Member of the Connecticut House of Representatives from the 98th district
- In office 1991–1995
- Preceded by: Francis X. O'Neill Jr.
- Succeeded by: Patricia Widlitz

Personal details
- Born: Janet Champney 1922 or 1923 Bedford, Massachusetts, U.S.
- Died: February 24, 2019 (aged 96)
- Party: Democratic
- Spouse: Eliasz Poss
- Children: 2
- Education: Boston College

= Janet Poss =

American politician (died 2019)

Janet Poss ( Champney; 1922 or 1923 – February 24, 2019) was an American politician who served in the Connecticut House of Representatives from 1991 to 1995, representing the 98th district as a Democrat.

==Personal life==
Janet Champney was born in Bedford, Massachusetts. She attended Boston College and worked at Columbia University before moving to Guilford, Connecticut, in 1964 with her husband, Eliasz Poss, and their two sons. She remained a resident of Guilford until her death.

==Political career==
===Connecticut House of Representatives===
Poss was elected to the Connecticut House of Representatives in 1990, and she served two terms representing the 98th district as a Democrat. She did not run for reelection in 1994, and her successor, Patricia Widlitz, who would serve from 1995 to 2015, ran for the seat at Poss' encouragement. Widlitz, who had previously chaired Poss' second campaign, remarked that Poss "insisted on chairing my campaign".

====1991 income tax vote====
In 1991, Connecticut faced a projected 1991-92 budget deficit of over $1 billion, which Governor Lowell Weicker proposed addressing with budget cuts and the implementation of a personal income tax. The income tax was passed in August 1991 but was widely unpopular, leading to one of the largest protests in state history on October 5, 1991, when over 40,000 people gathered at the Connecticut State Capitol to demand repeal. Poss supported the income tax and stated that she would not vote for a repeal unless a viable alternative for addressing the budget were presented. She and other supporters of the tax were notably subject to harassment, death threats, and political violence over the issue throughout 1991.
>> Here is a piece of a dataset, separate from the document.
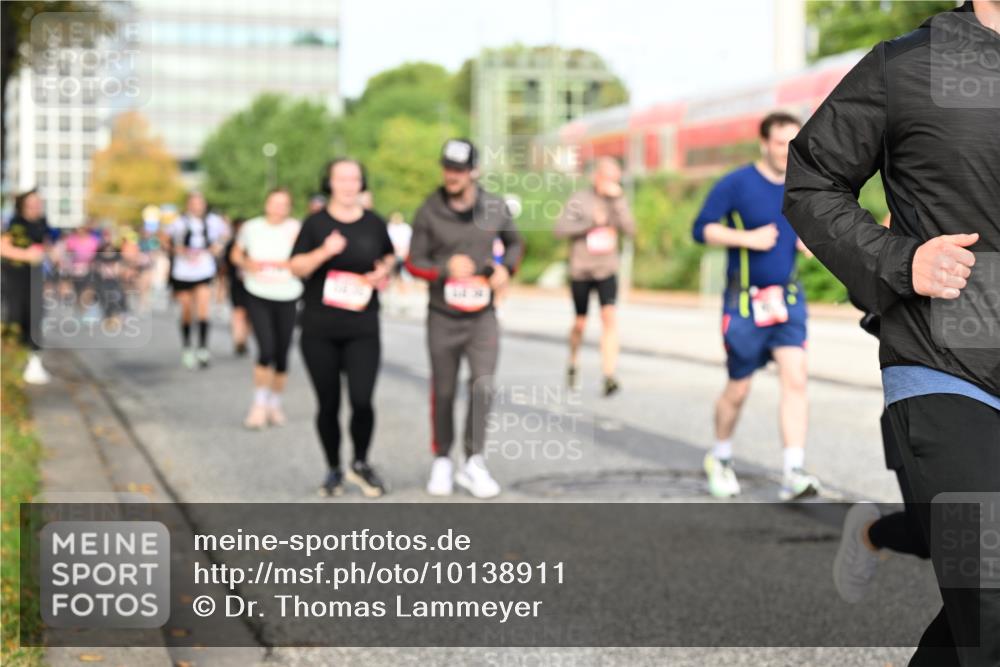 06.09.2026 - CURREX Alsterlauf Dr. Thomas Lammeyer http://msf.ph/oto/10138911 06.09.2026 10:05:34 Laufen  meine-sportfotos.de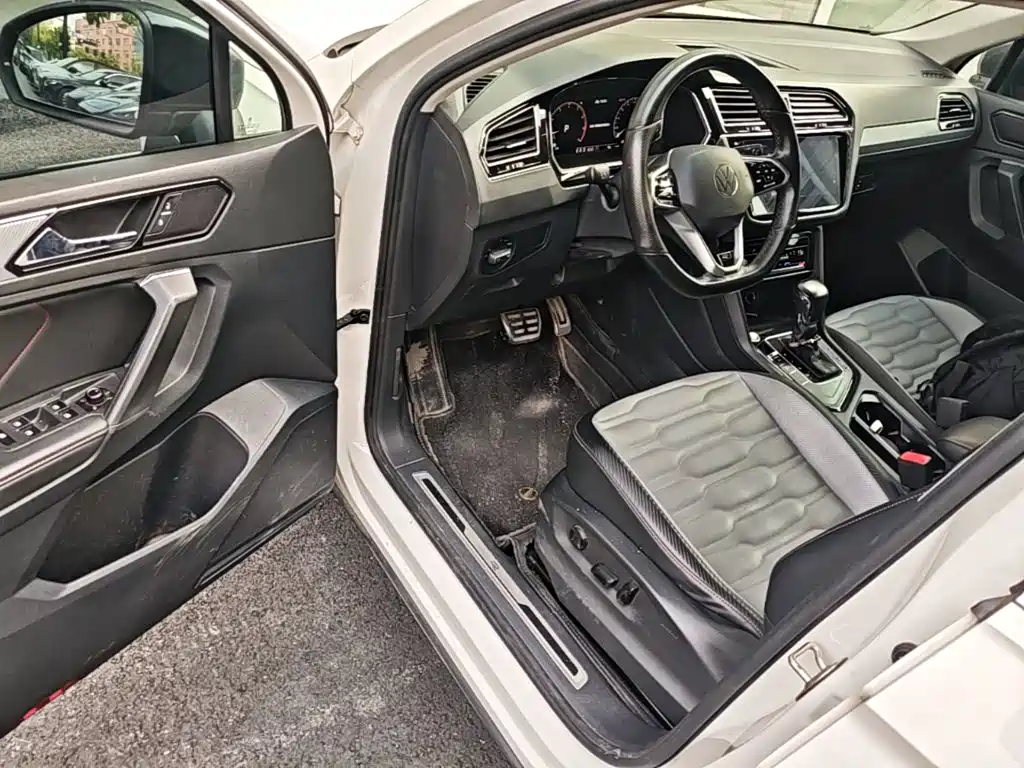Volkswagen Tiguan X — миниатюра 16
On October 3, 1991, an unknown perpetrator fired a gun at Poss' house while she, her husband, and her son David were home. The bullet traveled through an exterior door and across the living room before lodging in the staircase. The family heard the noise from another room and investigated, but found no evidence of the shot until October 5, when David noticed the bullet hole in the door. Poss stated that the incident was "obviously" due to her vote for the income tax, but she was undeterred and remarked "If this is the extent of the intimidation, it only makes me feel more strong-minded to do what I think is right". Poss subsequently received a phone call during which she was told, "I'm sorry they shot at your house. I wish they shot you."

==Death==
Poss died on February 24, 2019. She was 96.